La réalisatrice Gazelle Gaignaire a réuni pour son film « Compostez-moi ! », l’ensemble de ces ingrédients pour transformer un sujet en un formidable récit dont la portée va bien au-delà de ce qui nous est dit et montré.

Ce qui nous est dit et montré c’est le combat intellectuel, éthique, et juridique qui est mené par des hommes et femmes qui plaident pour obtenir le droit de choisir le compostage comme troisième mode de sépulture (en plus de l’inhumation et de la crémation, seuls autorisés).

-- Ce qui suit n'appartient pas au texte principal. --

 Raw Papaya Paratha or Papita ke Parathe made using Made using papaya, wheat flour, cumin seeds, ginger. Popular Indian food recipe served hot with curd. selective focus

La réalisatrice a réuni autour de son projet des témoignages engagés, mais sereins dans les pays où cette pratique a été légalisée. Aux USA, aux Pays-Bas, en Allemagne, au Royaume -uni elle a interrogé les intervenants : entrepreneurs de pompes funèbres, mais aussi famille des défunts. Cela nous vaut, notamment, une séquence bouleversante de récits donnés par les familles évoquant ce qu’a représenté pour elles le deuil vécu après une humusation.

Le fil conducteur du fil est déroulé par une personnalité hors normes, attachante et vive, Cléo Duponcheel. Voici ce qu’en dit la réalisatrice : « Jeune, pleine de curiosité, d’énergie et de courage, elle est la protagoniste principale du documentaire. Entrepreneure des pompes funèbres qu’elle a nommées « Croque-Madame », Cléo incarne le changement qui naît de l’intérieur du secteur funéraire. Elle défend le compostage humain pour son utilité écologique − le recyclage intégral de notre matière organique −, mais aussi pour la beauté de sa symbolique. À ses yeux, la création de nouveaux narratifs et rites pourrait atténuer nos appréhensions face à notre propre fin et adoucir le deuil après le décès d’un proche. C’est ce côté apaisant d’un retour physique et symbolique au vivant qui est mis en valeur, mais au fur et à mesure que le documentaire progresse, on découvre la complexité du sujet et les nombreux enjeux en « iques » qu’il soulève, notamment les questions éthiques. Mon objectif est que l’innovation du compostage humain serve de tremplin vers une multitude de réflexions sur notre approche à la mort, sur le sens de nos rites, sur notre connexion à la nature, qui nous unit tous, sur notre petitesse… Que cette innovation nous aide à sortir de nos carcans, à libérer la parole, à susciter le débat. »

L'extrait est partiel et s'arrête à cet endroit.